Fetch balance for a single network

async function getBalance(network, walletAddress) {
  const provider = providers[network];
  const balance = await provider.getBalance(walletAddress);
  return ethers.formatEther(balance); // Convert balance from wei to ether
}

The getBalance function takes a network name and a wallet address as parameters. It uses the corresponding provider to fetch the balance of the given wallet address and converts the balance from wei to ether using ethers.formatEther.

Fetch balances for all networks

async function getAllBalances(walletAddress) {
  const balances = {};
  for (const network in providers) {
    balances[network] = await getBalance(network, walletAddress);
  }
  return balances;
}

The getAllBalances function takes a wallet address as a parameter.

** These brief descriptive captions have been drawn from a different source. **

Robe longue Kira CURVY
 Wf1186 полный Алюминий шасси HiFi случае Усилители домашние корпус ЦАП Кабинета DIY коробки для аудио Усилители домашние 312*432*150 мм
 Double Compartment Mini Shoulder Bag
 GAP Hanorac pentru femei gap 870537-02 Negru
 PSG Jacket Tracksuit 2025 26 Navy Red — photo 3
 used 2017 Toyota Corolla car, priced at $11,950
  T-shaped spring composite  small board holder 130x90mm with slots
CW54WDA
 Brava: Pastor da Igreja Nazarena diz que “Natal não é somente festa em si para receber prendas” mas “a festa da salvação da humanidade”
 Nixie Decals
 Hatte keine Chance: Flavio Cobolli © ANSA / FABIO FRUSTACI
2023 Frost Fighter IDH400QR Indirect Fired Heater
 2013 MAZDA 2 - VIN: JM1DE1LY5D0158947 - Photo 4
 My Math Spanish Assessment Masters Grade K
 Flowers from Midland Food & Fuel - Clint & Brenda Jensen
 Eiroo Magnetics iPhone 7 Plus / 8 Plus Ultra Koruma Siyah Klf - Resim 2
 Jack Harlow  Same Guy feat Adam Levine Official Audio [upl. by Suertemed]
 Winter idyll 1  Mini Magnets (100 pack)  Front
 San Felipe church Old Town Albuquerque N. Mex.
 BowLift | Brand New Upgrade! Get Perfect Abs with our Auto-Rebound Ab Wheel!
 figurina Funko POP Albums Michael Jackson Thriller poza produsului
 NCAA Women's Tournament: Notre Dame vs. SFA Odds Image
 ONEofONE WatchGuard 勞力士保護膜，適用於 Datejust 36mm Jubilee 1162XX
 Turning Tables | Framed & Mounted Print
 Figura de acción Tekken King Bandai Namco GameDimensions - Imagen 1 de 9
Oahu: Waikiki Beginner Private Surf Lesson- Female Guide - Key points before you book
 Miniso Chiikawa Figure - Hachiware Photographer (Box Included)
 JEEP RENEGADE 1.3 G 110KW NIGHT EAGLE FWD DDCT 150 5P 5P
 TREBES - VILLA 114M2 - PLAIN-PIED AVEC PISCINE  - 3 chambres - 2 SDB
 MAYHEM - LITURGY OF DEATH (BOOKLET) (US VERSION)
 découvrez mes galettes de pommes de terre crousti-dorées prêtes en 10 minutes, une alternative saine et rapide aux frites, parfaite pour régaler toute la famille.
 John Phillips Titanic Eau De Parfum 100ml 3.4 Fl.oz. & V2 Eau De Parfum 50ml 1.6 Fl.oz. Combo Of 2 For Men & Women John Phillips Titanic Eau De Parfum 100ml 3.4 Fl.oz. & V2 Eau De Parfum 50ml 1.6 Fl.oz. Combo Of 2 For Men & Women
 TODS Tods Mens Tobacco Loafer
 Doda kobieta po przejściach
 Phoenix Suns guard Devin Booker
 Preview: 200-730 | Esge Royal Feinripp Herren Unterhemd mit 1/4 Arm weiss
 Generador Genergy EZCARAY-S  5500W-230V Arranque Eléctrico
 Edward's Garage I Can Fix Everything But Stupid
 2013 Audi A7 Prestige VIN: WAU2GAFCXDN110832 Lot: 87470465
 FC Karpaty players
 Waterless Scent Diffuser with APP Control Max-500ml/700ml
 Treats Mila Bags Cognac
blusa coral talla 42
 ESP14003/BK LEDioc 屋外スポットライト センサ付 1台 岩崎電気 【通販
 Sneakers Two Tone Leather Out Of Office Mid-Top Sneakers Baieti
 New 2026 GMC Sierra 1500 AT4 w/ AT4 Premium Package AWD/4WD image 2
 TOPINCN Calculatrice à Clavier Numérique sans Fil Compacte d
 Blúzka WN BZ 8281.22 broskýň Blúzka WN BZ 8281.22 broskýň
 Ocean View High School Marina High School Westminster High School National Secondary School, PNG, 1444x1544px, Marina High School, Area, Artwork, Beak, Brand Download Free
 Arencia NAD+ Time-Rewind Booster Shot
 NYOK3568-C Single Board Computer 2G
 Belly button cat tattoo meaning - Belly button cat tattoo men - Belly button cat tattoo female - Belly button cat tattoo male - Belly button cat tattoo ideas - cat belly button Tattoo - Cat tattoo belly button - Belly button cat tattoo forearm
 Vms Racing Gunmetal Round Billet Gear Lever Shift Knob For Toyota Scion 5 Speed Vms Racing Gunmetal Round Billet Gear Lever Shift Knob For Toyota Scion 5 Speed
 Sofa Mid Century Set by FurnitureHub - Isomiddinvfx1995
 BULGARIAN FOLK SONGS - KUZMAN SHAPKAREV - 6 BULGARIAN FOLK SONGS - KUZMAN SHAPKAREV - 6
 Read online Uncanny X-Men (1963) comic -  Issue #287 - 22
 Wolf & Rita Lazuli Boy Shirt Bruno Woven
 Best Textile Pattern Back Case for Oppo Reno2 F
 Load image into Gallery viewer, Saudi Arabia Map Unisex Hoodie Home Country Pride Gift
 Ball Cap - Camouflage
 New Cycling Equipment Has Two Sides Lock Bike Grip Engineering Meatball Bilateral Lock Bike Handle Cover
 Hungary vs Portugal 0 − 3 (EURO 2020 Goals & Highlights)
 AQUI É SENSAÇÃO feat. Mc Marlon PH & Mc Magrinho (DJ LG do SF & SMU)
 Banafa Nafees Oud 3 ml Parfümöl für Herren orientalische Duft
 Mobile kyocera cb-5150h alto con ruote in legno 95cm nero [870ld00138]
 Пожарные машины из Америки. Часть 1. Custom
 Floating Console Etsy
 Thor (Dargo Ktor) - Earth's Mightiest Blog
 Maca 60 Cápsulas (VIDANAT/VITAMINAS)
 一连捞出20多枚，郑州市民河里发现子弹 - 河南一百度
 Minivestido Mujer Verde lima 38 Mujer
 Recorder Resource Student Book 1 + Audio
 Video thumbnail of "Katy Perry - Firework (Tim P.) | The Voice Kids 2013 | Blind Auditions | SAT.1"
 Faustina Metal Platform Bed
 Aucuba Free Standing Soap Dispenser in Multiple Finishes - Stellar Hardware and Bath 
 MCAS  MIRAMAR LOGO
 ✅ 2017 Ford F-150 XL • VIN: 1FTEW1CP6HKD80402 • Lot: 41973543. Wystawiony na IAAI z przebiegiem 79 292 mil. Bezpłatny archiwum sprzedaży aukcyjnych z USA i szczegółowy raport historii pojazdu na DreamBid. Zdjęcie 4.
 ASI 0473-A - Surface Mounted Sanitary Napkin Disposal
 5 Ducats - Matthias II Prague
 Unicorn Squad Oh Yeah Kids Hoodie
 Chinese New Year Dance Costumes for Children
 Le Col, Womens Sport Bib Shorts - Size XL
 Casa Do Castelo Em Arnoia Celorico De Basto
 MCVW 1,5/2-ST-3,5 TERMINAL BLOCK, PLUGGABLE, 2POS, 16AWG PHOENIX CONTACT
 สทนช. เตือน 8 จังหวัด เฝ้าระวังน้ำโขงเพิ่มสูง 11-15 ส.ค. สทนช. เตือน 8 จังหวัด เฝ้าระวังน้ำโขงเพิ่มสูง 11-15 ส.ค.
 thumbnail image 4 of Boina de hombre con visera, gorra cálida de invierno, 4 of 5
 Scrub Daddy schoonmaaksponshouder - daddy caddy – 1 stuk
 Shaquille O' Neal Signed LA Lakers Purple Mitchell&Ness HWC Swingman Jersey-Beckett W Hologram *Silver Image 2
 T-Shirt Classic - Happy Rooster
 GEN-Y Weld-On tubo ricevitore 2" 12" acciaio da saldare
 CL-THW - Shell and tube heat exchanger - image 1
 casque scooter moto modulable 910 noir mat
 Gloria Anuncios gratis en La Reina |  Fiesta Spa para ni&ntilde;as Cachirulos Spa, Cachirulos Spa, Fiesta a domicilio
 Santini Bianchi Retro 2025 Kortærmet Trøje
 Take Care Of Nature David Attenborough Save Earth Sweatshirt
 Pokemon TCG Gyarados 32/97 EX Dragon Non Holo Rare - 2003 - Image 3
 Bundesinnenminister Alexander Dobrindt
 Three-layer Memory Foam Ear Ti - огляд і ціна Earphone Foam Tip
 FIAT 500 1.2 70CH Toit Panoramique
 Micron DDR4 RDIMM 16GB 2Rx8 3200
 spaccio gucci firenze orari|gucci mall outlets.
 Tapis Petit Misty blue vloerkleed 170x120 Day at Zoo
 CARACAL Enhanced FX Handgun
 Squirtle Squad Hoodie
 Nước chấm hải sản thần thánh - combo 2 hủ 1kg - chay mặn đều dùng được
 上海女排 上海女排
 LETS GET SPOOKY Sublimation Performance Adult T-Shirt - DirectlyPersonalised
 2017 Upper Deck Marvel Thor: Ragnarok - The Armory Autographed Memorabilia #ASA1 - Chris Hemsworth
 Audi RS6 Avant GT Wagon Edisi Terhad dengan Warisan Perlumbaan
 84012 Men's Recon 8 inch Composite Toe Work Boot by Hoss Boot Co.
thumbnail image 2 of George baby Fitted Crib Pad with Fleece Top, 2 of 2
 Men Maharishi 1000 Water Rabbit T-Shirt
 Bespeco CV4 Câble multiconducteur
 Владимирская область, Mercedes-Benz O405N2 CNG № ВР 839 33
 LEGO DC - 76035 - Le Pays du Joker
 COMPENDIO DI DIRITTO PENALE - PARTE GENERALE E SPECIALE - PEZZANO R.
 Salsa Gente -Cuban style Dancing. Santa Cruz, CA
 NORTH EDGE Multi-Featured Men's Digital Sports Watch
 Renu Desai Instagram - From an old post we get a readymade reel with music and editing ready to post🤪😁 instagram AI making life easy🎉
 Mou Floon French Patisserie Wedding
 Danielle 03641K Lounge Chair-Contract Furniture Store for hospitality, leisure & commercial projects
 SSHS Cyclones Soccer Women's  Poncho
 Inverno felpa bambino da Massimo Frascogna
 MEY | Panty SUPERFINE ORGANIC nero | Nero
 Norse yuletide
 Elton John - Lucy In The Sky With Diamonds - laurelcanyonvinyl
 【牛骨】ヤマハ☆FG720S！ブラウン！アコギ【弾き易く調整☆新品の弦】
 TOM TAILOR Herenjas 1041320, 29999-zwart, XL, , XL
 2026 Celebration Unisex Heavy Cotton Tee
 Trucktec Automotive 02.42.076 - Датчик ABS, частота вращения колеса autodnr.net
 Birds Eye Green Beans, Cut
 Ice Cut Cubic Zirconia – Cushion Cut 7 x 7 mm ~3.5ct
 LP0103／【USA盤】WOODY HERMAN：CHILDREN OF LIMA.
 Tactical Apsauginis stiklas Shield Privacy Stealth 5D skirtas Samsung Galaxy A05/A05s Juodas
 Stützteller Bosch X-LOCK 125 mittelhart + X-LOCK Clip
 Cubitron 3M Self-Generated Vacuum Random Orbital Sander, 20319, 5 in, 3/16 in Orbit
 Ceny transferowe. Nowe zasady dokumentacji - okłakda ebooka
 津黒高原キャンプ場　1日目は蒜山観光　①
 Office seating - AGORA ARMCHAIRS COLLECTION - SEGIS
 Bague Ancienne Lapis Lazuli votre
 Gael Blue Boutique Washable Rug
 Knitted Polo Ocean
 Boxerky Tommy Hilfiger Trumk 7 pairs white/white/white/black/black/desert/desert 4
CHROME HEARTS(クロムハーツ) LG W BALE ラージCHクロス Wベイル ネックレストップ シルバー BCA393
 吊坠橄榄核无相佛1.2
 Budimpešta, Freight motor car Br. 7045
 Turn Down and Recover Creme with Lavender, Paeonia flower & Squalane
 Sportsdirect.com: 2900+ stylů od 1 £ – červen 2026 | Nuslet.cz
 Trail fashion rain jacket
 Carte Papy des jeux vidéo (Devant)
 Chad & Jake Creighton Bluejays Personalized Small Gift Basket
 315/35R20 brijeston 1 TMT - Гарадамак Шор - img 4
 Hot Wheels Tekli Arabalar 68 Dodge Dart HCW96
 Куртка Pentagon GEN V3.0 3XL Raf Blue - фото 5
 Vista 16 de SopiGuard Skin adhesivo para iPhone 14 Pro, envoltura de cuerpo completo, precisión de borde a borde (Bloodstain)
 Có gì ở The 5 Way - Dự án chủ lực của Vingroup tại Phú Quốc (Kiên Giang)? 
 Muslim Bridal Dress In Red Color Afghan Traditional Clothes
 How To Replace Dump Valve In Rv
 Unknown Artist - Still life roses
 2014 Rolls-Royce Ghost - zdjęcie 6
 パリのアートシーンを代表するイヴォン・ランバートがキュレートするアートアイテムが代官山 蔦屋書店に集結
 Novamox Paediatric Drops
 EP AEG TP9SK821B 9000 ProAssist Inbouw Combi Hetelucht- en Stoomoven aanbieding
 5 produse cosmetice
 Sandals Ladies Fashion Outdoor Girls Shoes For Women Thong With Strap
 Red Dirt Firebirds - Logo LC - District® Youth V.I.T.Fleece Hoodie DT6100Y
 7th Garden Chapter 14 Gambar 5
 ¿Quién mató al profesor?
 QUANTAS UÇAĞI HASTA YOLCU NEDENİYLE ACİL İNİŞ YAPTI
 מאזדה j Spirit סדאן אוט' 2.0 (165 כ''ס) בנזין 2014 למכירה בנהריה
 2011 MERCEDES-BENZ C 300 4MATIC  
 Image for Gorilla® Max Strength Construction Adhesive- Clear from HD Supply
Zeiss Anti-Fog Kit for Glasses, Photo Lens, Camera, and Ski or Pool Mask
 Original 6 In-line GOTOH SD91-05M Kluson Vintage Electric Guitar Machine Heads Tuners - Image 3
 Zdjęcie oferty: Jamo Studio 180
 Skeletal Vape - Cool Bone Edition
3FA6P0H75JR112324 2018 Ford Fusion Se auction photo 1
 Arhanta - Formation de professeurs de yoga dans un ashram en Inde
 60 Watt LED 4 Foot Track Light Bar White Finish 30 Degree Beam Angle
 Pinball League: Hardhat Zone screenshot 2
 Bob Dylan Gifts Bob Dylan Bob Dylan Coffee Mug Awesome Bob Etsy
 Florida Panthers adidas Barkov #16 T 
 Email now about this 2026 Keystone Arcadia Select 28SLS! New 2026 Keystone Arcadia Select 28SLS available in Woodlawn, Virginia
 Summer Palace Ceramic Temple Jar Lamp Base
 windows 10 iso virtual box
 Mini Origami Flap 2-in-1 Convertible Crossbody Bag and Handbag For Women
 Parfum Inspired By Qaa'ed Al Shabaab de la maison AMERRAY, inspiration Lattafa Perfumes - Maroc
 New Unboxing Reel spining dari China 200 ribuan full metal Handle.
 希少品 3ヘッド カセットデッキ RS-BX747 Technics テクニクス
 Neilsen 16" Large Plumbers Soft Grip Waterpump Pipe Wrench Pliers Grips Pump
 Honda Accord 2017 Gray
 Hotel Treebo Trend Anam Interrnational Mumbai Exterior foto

It iterates over all the networks defined in the providers object, fetches the balance for each network using the getBalance function, and stores the results in the balances object.

Handle the POST request

export async function POST(req) {
  const { walletAddress } = await req.json();

  if (!walletAddress) {
    return new Response(
      JSON.stringify({ error: "Wallet address is required" }),
      { status: 400 }
    );
  }

  try {
    const balances = await getAllBalances(walletAddress);
    return new Response(JSON.stringify(balances), { status: 200 });
  } catch (error) {
    console.error("Error fetching balances:", error);
    return new Response(JSON.stringify({ error: "Internal Server Error" }), {
      status: 500,
    });
  }
}

The POST function handles incoming POST requests to your API endpoint:

  1. Parse the request: It extracts the walletAddress from the request body.
  2. Validate: If the walletAddress is missing; it returns a 400 status with an error message.
  3. Fetch balances: It calls the getAllBalances function to fetch the balances for all networks.
  4. Return the response: It returns the balances with a 200 status if successful. If an error occurs, it logs it and returns a 500 status with an error message.

The route.ts file handles the backend logic for your DApp. It connects to multiple blockchain networks using theChainstackProvider to fetch the wallet balances and returns the results to the front end. This is a good way to keep your endpoints secure, as the front end does not call the RPC node directly but calls something similar to a proxy server instead.

Run the DApp

And now you have a complete DApp; it was indeed super easy with the ChainstackProvider. Now, to run it, simply start the development server:

npm run dev

Your DApp is now running on http://localhost:3000. You can use this address to test it: 0x95aD61b0a150d79219dCF64E1E6Cc01f0B64C4cE.

Conclusion

In this tutorial, you've walked through creating a multi-chain wallet balance aggregator DApp using Ethers.js and ChainstackProvider. By integrating these powerful tools into a Next.js project, you've seen for yourself how easy it is to fetch and display wallet balances from multiple blockchain networks. This project showcases the simplicity and efficiency of using ChainstackProvider to interact with various blockchain networks, making it an excellent choice for developers looking to build decentralized applications.